An LR parser (left-to-right, rightmost derivation in reverse) reads input text from left to right without backing up (this is true for most parsers), and produces a rightmost derivation in reverse: it does a bottom-up parse – not a top-down LL parse or ad-hoc parse. The name "LR" is often followed by a numeric qualifier, as in "LR(1)" or sometimes "LR(k)". To avoid backtracking or guessing, the LR parser is allowed to peek ahead at k lookahead input symbols before deciding how to parse earlier symbols. Typically k is 1 and is not mentioned. The name "LR" is often preceded by other qualifiers, as in "SLR" and "LALR". The "LR(k)" notation for a grammar was suggested by Knuth to stand for "translatable from left to right with bound k."
LR parsers are deterministic; they produce a single correct parse without guesswork or backtracking, in linear time. This is ideal for computer languages, but LR parsers are not suited for human languages which need more flexible but inevitably slower methods. Some methods which can parse arbitrary context-free languages (e.g., Cocke–Younger–Kasami, Earley, GLR) have worst-case performance of O(n3) time. Other methods which backtrack or yield multiple parses may even take exponential time when they guess badly.
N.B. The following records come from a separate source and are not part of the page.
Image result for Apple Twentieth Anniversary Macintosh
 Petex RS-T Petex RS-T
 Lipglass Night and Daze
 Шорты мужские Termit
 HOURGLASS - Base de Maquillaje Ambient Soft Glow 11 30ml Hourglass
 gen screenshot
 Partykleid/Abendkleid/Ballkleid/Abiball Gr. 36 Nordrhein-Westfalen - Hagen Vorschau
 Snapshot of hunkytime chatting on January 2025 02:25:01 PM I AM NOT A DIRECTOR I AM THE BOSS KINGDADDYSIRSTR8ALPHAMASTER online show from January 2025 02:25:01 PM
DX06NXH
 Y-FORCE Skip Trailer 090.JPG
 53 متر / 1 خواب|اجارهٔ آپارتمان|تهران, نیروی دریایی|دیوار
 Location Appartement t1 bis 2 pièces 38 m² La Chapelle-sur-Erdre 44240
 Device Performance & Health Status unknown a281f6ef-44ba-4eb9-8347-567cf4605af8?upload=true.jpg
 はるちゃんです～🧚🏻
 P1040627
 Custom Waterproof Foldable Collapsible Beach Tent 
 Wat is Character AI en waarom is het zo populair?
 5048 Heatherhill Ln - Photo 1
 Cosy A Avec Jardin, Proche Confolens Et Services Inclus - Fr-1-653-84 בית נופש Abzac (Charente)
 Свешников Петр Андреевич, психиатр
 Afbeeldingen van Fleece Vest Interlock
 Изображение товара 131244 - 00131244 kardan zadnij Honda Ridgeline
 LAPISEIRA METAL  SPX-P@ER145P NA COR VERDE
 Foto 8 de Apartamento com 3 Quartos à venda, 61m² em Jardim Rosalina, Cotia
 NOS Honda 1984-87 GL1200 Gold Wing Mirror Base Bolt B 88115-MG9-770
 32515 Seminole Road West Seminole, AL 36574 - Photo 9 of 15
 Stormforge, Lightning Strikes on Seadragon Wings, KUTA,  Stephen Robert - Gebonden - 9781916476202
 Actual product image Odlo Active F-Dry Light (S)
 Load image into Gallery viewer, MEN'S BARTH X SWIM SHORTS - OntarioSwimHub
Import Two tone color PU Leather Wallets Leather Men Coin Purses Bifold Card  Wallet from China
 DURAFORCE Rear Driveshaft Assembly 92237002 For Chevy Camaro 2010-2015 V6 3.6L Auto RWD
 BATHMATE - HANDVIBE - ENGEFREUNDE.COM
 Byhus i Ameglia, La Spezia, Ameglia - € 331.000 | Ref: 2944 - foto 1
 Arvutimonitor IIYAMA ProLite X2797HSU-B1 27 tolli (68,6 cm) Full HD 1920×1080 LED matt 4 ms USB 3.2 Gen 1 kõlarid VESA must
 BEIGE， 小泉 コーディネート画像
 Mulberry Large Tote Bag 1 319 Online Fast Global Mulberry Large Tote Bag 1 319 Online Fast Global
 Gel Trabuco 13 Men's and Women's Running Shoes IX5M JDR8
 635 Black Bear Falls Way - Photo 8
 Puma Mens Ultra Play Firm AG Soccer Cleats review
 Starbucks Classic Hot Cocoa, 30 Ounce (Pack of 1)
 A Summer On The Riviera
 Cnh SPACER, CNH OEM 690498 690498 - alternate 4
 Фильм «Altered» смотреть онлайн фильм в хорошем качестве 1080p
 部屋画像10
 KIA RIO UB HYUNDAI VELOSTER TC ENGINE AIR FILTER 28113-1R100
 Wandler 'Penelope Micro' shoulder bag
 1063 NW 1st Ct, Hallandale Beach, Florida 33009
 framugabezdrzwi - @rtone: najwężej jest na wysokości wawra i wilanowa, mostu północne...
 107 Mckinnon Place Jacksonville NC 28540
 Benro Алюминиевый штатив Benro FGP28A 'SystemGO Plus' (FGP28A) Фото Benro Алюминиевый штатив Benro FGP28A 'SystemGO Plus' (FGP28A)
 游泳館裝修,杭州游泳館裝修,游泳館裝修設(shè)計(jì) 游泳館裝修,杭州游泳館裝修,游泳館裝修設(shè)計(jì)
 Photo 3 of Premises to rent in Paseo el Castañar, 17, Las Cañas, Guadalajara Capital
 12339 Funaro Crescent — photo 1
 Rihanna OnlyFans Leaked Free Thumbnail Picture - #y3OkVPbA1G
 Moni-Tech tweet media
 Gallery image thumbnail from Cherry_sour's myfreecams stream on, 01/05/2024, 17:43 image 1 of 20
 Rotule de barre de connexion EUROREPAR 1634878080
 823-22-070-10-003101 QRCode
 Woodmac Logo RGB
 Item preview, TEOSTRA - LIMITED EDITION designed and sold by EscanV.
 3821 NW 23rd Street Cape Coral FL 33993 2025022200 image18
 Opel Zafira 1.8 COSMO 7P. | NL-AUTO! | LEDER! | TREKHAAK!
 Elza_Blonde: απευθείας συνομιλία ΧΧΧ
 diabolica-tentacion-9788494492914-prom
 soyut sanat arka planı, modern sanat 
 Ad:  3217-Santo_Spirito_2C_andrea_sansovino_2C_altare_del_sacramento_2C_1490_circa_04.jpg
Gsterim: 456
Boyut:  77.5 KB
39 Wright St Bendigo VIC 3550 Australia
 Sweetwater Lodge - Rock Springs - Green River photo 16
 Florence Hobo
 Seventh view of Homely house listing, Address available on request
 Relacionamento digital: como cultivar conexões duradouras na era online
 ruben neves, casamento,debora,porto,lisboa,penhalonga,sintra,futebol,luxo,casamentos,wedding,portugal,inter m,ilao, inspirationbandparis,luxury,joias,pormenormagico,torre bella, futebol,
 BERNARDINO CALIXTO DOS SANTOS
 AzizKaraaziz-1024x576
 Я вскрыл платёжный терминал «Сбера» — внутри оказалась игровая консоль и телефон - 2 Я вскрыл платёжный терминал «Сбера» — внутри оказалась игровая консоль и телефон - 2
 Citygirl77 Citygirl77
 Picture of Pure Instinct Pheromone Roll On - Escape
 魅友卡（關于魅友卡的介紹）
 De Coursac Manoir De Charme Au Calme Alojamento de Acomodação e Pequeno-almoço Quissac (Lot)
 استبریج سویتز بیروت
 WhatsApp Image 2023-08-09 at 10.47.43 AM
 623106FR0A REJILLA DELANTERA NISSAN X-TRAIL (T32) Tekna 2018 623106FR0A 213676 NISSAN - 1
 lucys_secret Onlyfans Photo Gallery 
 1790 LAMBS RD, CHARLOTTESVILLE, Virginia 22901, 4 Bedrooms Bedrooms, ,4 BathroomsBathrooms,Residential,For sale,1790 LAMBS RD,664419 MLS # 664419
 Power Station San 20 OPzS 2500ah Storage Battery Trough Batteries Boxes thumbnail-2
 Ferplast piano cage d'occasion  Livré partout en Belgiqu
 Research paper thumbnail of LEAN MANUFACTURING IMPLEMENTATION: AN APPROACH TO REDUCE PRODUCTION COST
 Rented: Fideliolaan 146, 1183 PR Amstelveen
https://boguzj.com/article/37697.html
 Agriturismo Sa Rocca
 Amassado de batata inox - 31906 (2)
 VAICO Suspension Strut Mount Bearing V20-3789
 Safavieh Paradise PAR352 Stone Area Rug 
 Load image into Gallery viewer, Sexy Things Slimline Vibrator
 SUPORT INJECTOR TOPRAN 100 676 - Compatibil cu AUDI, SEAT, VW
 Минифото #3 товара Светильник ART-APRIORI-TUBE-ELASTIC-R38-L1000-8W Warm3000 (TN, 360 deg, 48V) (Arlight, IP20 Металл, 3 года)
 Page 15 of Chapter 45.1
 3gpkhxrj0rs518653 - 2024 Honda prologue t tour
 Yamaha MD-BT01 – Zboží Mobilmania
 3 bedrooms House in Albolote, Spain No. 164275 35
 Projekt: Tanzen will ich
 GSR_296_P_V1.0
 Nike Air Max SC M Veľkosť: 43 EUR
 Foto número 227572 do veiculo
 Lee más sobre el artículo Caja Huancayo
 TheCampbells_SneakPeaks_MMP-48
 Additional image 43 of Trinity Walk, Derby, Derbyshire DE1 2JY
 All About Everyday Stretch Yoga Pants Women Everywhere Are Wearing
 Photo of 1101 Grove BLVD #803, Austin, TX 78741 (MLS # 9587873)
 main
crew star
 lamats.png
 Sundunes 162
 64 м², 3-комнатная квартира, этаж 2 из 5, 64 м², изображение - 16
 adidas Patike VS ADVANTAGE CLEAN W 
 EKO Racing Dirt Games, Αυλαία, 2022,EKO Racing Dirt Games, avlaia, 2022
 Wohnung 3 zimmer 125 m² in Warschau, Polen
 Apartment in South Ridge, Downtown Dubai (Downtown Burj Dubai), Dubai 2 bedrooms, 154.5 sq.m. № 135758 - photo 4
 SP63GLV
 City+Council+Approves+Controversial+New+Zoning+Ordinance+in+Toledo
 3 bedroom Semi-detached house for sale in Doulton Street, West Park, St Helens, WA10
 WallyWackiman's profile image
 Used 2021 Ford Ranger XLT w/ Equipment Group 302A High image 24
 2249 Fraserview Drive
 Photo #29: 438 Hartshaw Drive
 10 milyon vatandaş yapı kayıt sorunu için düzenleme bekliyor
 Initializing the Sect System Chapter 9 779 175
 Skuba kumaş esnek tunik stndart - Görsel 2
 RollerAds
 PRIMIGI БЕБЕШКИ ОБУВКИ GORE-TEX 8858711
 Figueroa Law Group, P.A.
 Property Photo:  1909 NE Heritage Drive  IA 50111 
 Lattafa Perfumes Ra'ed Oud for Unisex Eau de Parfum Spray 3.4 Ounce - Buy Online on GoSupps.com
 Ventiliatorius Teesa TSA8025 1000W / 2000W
The above properties of L, R, and k are actually shared by all shift-reduce parsers, including precedence parsers. But by convention, the LR name stands for the form of parsing invented by Donald Knuth, and excludes the earlier, less powerful precedence methods (for example Operator-precedence parser). LR parsers can handle a larger range of languages and grammars than precedence parsers or top-down LL parsing. This is because the LR parser waits until it has seen an entire instance of some grammar pattern before committing to what it has found. An LL parser has to decide or guess what it is seeing much sooner, when it has only seen the leftmost input symbol of that pattern.